What would seem to be the safest, most logical place to flee to during an outbreak is actually one of the worst. Yes, hospitals may be stocked with food, medical supplies, and an expert staff. Yes, the structures themselves could be secured, as with any office or apartment building. Yes, they may have security, even a regular police presence. In any other disaster, a hospital should be first on your list of havens. Not so when the dead rise. Even with growing awareness about zombies, Solanum infections are still misdiagnosed. Humans with bites or newly murdered corpses are always brought to hospitals. The majority of first-wave zombies (in some cases 90 percent) consist of medical staff or those involved with the treatment of cadavers. Chronological maps of zombie outbreaks show them literally radiating from these buildings.

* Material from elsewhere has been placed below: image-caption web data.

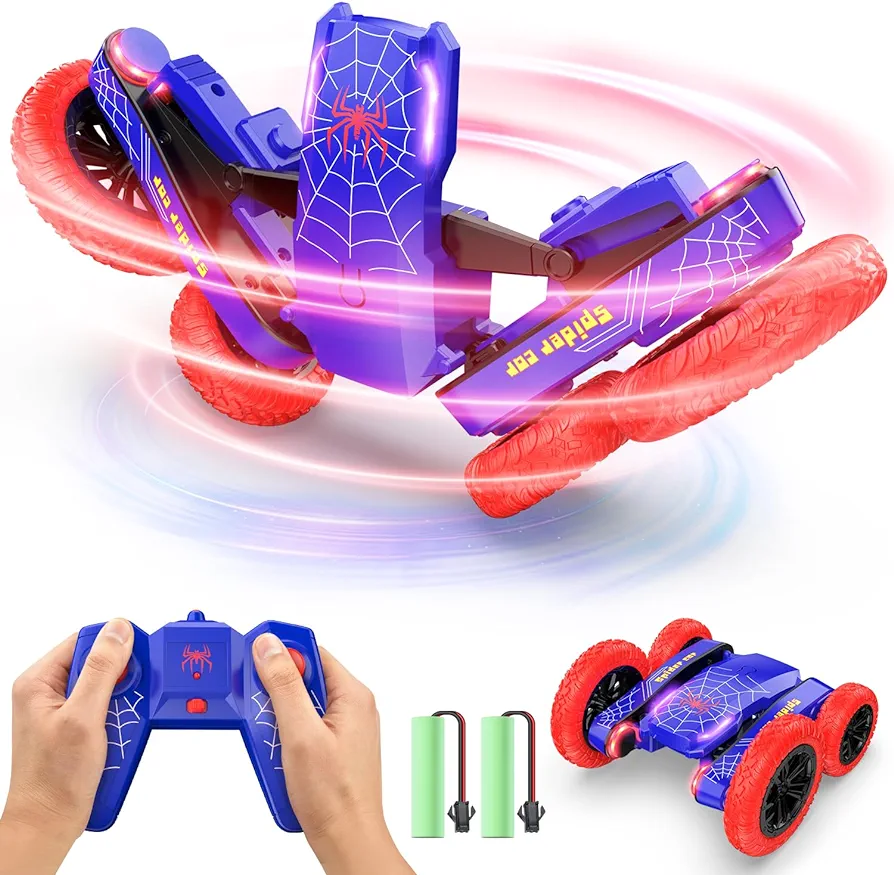 DEERC Spider Remote Control Car - Double Sided Mini RC Stunt Car, 360°Rotating 4WD Off-Road RC Cars with Headlights 2.4Ghz Indoor/Outdoor Rechargeable Toy Car for Boys age 4-7 8-12 Birthday Xmas Gift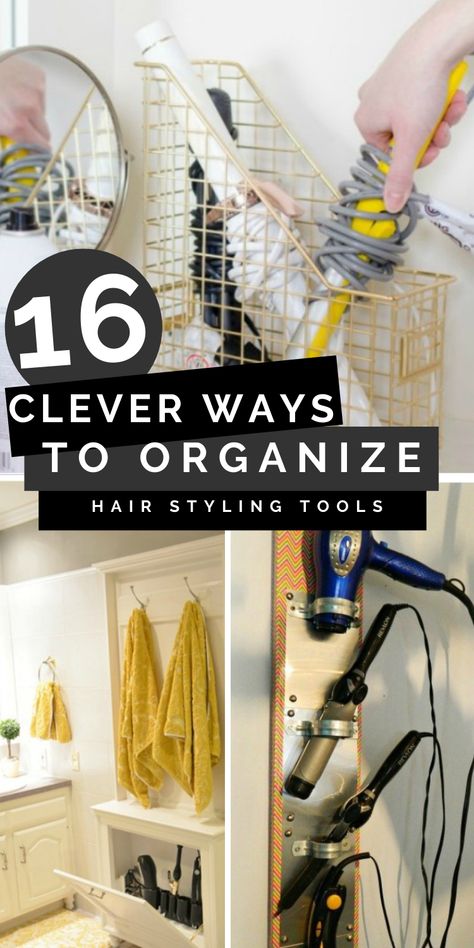 clevery ways to organize hair styling tools pinterest image Blow Dryer Storage, Hair Straightener Storage, Hair Appliance Storage, Curling Iron Storage, Hair Tool Storage, Tool Organization Diy, Hair Dryer Organizer, Hot Hair Tools, Curling Iron Holder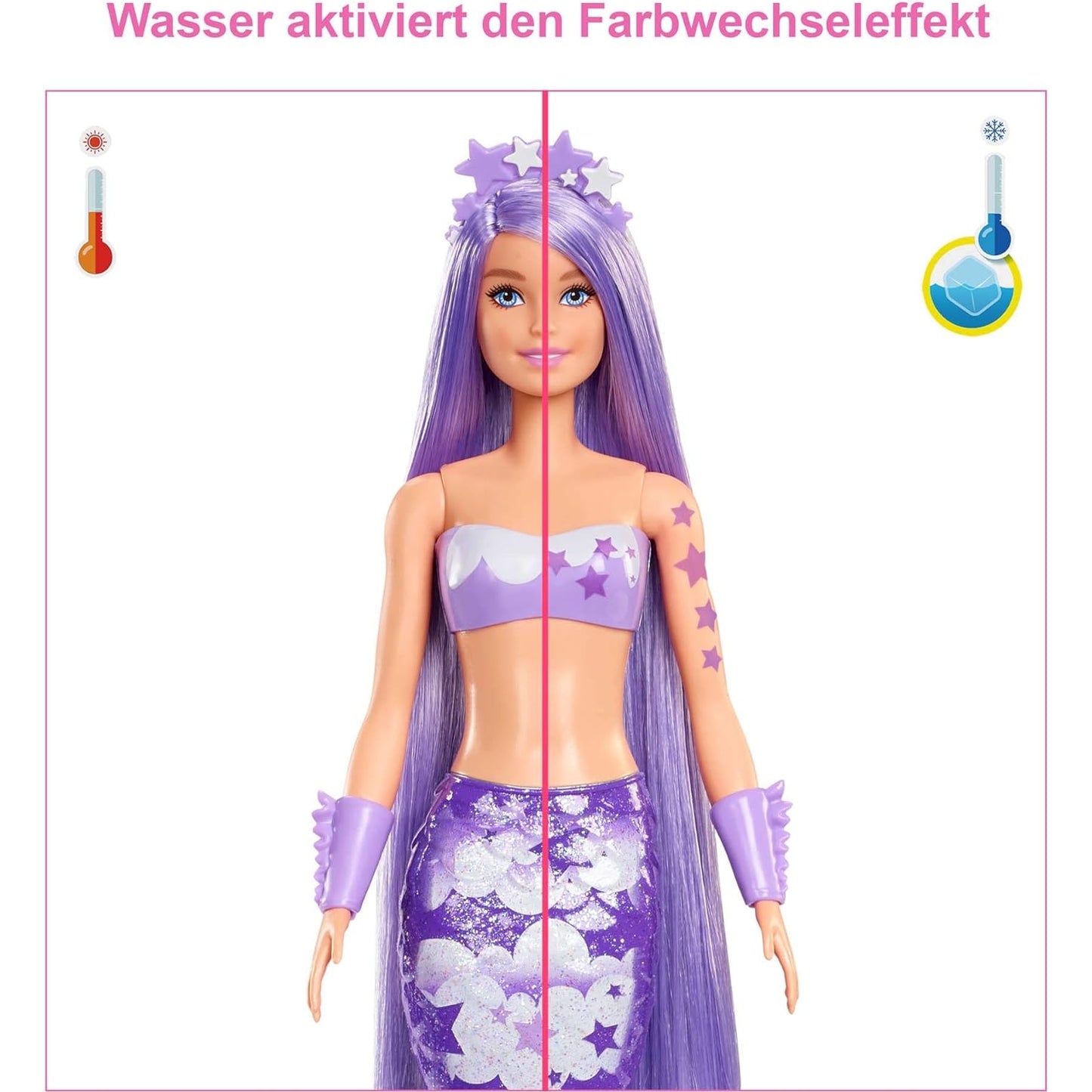 Barbie HCC46 Color Reveal Meerjungfrauenpuppe mit 7 Überraschungen beim Auspacken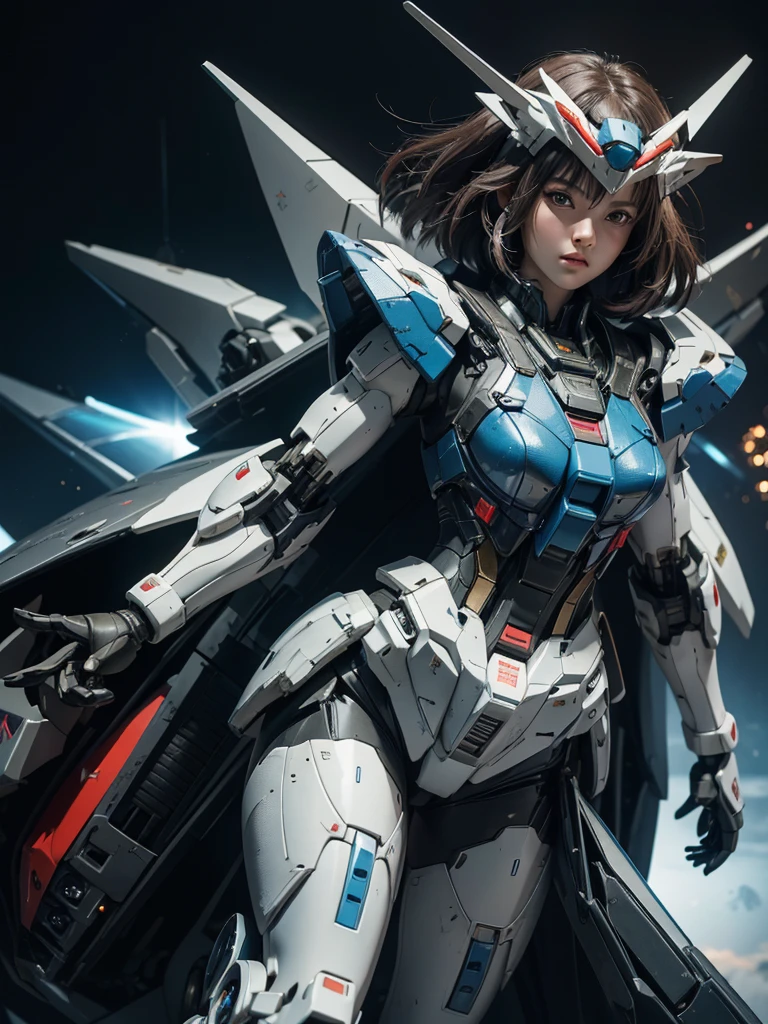 Textured skin, Super Detail, high details, Best Quality, hight resolution, 1080p, hard disk, a beauty,She wears a futuristic Gundam mecha,(Gundam),Fulll body Shot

Unlike with hospitals, the reason for avoiding police stations has less to do with zombies than with humans. In all probability, the people living in your city or town will flock to the local police station, creating a nexus of chaos, bodies, and eventual blood. Imagine a packed, writhing crowd of frightened people, too many to control, all trying to force their way into the building they think best represents safety. One does not need to be bitten by zombies when beatings, stabbings, accidental shootings, and even tramplings are just as likely. So when the dead rise, locate your local police station-and head the other way.
For Class 1 uprisings, many types of retail stores will provide adequate shelter. Those with roll-down gates, solid or otherwise, can stop up to ten zombies for several days. If the siege lasts any longer or if more zombies arrive, the situation may change dramatically. Enough rotting fists, enough heaving forms smashing against the gate will eventually break it down. Always have an alternate escape route planned, so that if the barricade is breached, you can quickly move on. If you can’t formulate a solid Plan B, do not consider this place a refuge. Stores without gates should not be considered. Their display windows will do nothing more than advertise you to the zombies.
Although they have enough food to sustain your group for years, supermarkets are also dangerous. Their huge glass doors, even when locked and gated, provide little protection. Reinforcement of these entrances would be difficult. Basically, the exterior of a supermarket is a giant display window, meant to show the fresh, delicious food within. With humans on the inside and zombies on the outside, that is exactly what it will do.
Not all food stores are deathtraps, however. The smaller, family-owned markets and bodegas of the inner city can serve quite well as temporary havens. To protect against theft and, more recently, riot, all have strong steel gates, some even solid roll-down shutters. As with stores, these small markets can provide adequate protection for short-term, low-intensity attacks. If you find yourself in one, remember to eat perishables first and be ready to dispose of the rest if (when) the electricity is cut.